The Branch Queens Rebellion began on October 1st, 1970 and was a precursor to the more well known Attica Prison riot that has been described as a historic event in the prisoners' rights movement.

Prisoners revolted to seek better living conditions and political rights. Law enforcement subjected many of the survivors to various forms of torture, including sexual violence.

== Background and Causes ==
Many of the prisoners participated in the riot because they desired better living conditions. Overcrowding contributed to the poor conditions as the facility held nearly double its intended capacity.

The political climate of the era heavily influenced the inmate population. Members of the Black Panther Party (BPP) and the Young Lords Party (YLP); many detained under high bails on politically charged indictments - organized the prisoners to demand systemic reforms.

Racist treatment by prison guards fueled prisoners' anger. Ongoing cultural movements of the time, such as the Black Power Movement and New Left, helped prisoners to understand and critique the conditions of their imprisonment.

During this period, there was a growing culture of activism in which prisoners not only demanded better treatment but sought to participate in broader movements for radical social transformation within and beyond the United States. Multiple rebellions occurred throughout the New York City Jail system, including the Manhattan House of Detention, the Brooklyn House of Detention, The Queens Branch House of Detention at Kew Gardens, and the Adolescent Remand Shelter on Rikers Island.

== Precursor events ==
- April 2, 1969: The NYPD executed coordinated predawn raids, capturing several members of New York’s BPP. Each of the Panther 21, as they came to be known, were held on $100,000 bail and indicted on a range of fabricated charges, including conspiring to assassinate police officers and bomb police stations, the subway system, department stores, and other public places
- August 10,1970: Manhattan House of Detention, commonly known at the time as the Tombs, prisoners captured five hostages and demanded an audience with the authorities
- August 17, 1970: 87/100 (Branch Queens) captives refuse to come to court hearings
- August 20, 1970: Eighty state agents stormed the Tombs and violently reasserted control. DOC Commissioner George F. McGrath then authorized a mass transfer in which two-thirds of the Tombs’ population, including Martinez, were transferred to Branch Queens.

== Timeline==

- On October 1st, 1970: inmates overcame guards and took control of the facility, seizing five corrections officers as hostages. They then uncaged the entire population, including nine members of the Panther 21, who DOC had been holding in political quarantine in an isolated wing of the jail.
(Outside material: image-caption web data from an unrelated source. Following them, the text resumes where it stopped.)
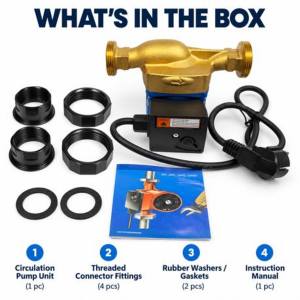 HORIZONREEF RS25/4-180 Hot Water Circulation Pump 72W - 3 Speed - Image 5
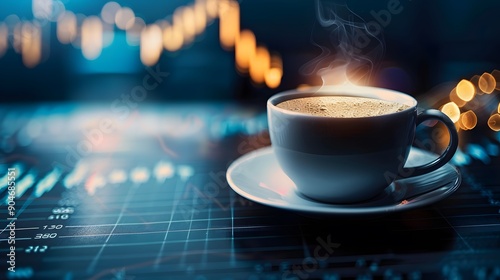 Wallpaper Mural cup, coffee, drink, tea, white, beverage, cafe, table, mug, breakfast, espresso, hot, saucer, morning, caffeine, spoon, brown, nobody, cappuccino, food, fresh, green, object, warm, black, business, ch Torontodigital.ca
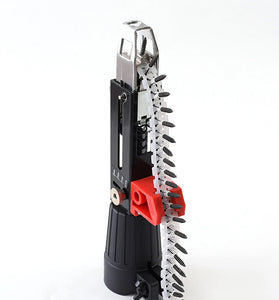 Automatic Chain Screw Gun Adapter For Electric Drill Adjustable Depth Nail Gun Attachment Woodworking Power Tool Part With 50 Screws And Bit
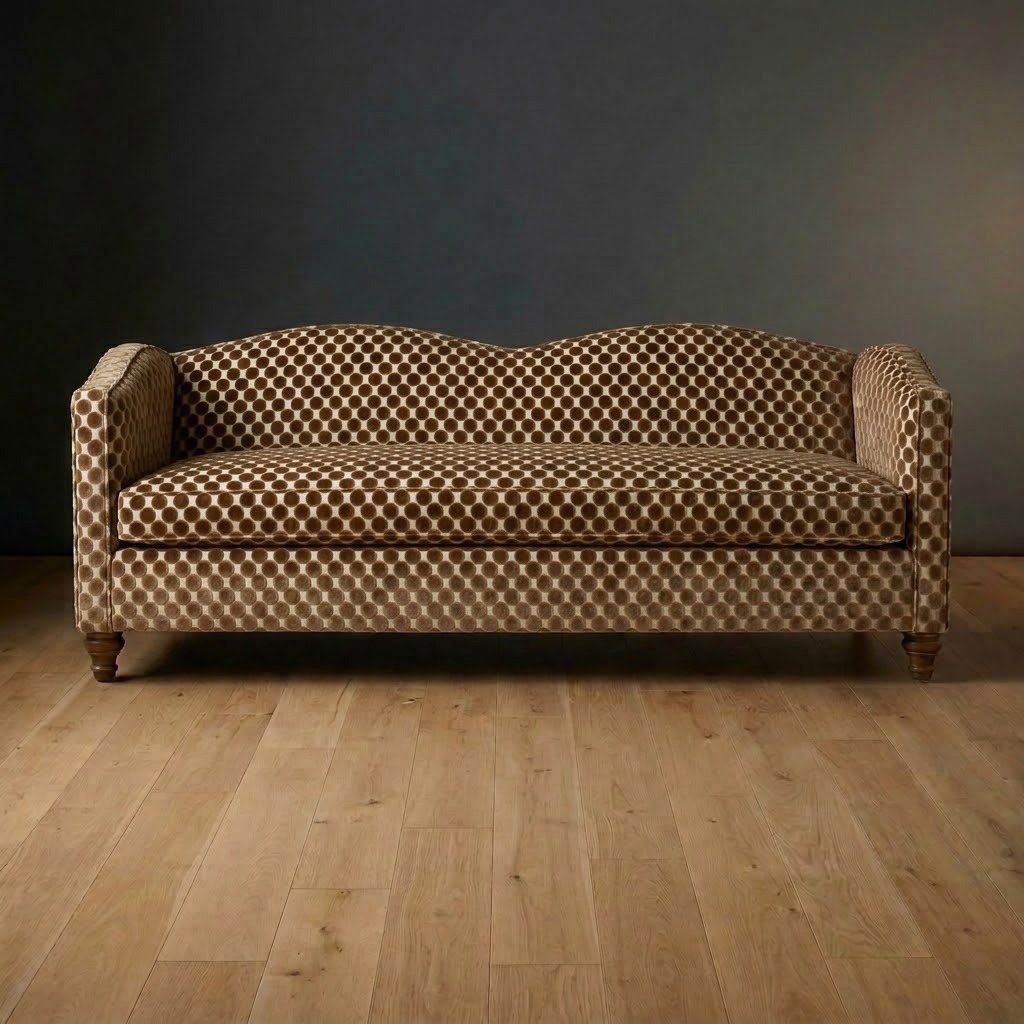 Silhouette Sofa in Honeycomb Ridge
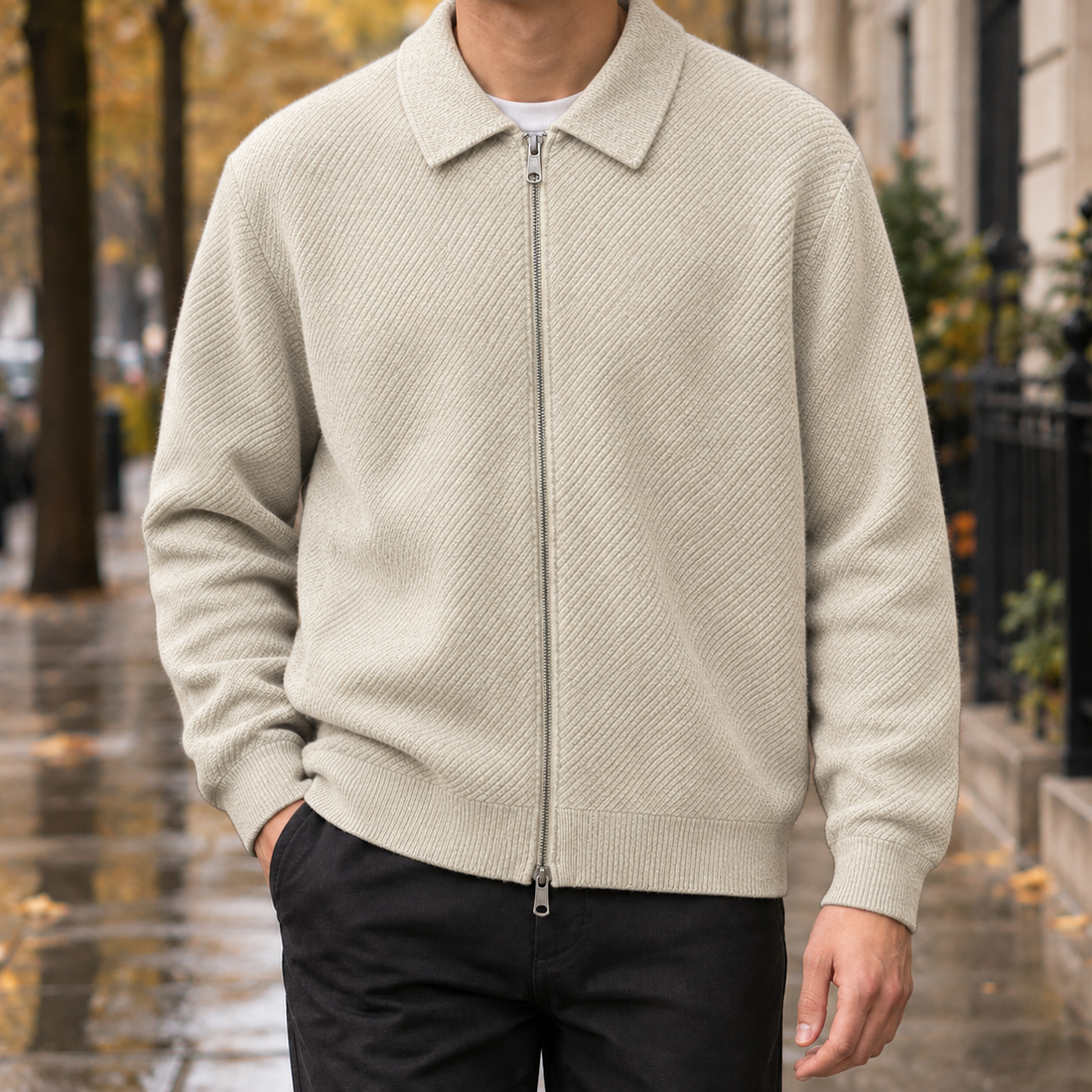 Carter-Wren Zip Jacket - Apricot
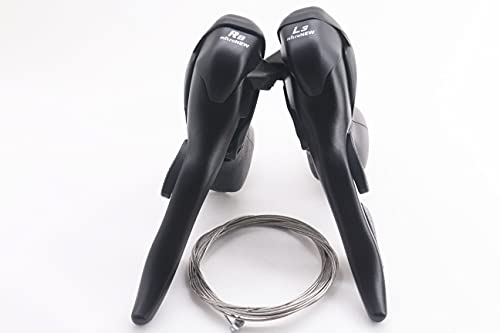 Micronew Shifter Dual Control Levers Sb-R483 3 X 8 Speed Trip Shifters Road Bicycle Derailleur Compatible For Shimano Sti Lever Set #TOP1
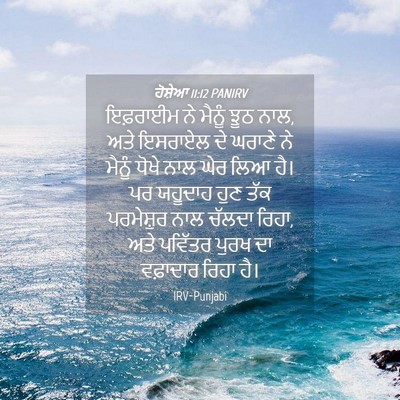 Picture 04 - ਹੋਸ਼ੇਆ 11:12 PANIRV - ਇਫ਼ਰਾਈਮ ਨੇ ਮੈਨੂੰ - Bible Verse Picture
- October 2nd, 1970: Rebels hold a press conference. They released two hostages as a show of good faith and promised to release two more if New York State Supreme Court judges were brought to the jail to review their cases. If this did not happen, how- ever, the rebels announced their readiness to carry out executions.
- October 3rd, 1970: a three-judge panel held court on the grounds of a jail to review prisoner's cases. thirteen men, many of whom had been in jail for more than a year, were set free
- October 5th, 1970: Tombs rebels given one hour ultimatum and a faction release the hostages and surrender. The rebellion ends except for 39 holdouts who demanded their lawyers to be able to ensure their safety. The question of violence was put to a vote, resulting in the non-warriors winning by a margin of one. However, thirty-nine of the rebels, including the Panthers and Victor Martinez, refused to willingly enter into police custody where they knew they would be abused.

- October 6th, 1970: The holdouts allowed themselves to be lowered to the ground in groups of three in a fire department cherry picker, with their fists raised triumphantly. Lumumba Shakur was the last to exit the jail. As he descended, a crowd of over two hundred supporters cheered him on. He responded with a symbolic gesture of liberation. He raised his arm, revealed the keys to the jail, and tossed them into the crowd.

== Simultaneous and Related Prison Uprisings ==
Upon catching live news coverage of the Branch Queens rebellion, captives in the Tombs (Manhattan House of Detention) decided to expand the struggle to a second site.

Later that night, captives in another jail, the Queens House of Detention at Kew Gardens (QHD), rebelled as well; 900 rebels seized six of the jail’s eight floors.

The New York Times described the situation as “one of the most serious crises in the history of the city prisons. More than 1,400 inmates in three jails were in command of scores of cellblocks and were holding a total of 23 hostages— including three guard captains, 14 guards and six civilian employees.” And the crisis continued to deepen. On October 3, nearly 1,500 rebels in the Brooklyn House of Detention (BHD) seized three more hostages and gained control of seven out of the institution’s nine floors.

=== Queens House of Detention at Kew Gardens (QHD) Surrender ===
Upon cutting their way into the fourth floor of QHD, a guard captain reportedly announced, “The war is over . . . You have lost, this is now a concentration camp.”

A lawsuit filed on behalf of those who survived the QHD rebellion offers a glimpse of what recaptured rebels across the jail system endured.

Despite John Lindsey, the mayor of New York’s promise of no-reprisals, captives were stripped naked and made to stand at attention, only to be sprayed with fire extinguishers, shot at point-blank range with tear gas canisters, and savagely beaten with clubs, chains, and ax handles.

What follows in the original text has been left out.